_Data segment_:
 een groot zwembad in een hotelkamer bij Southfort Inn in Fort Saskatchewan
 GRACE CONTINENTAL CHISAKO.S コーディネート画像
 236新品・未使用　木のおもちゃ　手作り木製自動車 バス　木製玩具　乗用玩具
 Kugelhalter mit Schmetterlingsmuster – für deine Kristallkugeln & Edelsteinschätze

_Try it_: Output every line above so that it reads exactly as before.

_Response area_:
 een groot zwembad in een hotelkamer bij Southfort Inn in Fort Saskatchewan
 GRACE CONTINENTAL CHISAKO.S コーディネート画像
 236新品・未使用　木のおもちゃ　手作り木製自動車 バス　木製玩具　乗用玩具
 Kugelhalter mit Schmetterlingsmuster – für deine Kristallkugeln & Edelsteinschätze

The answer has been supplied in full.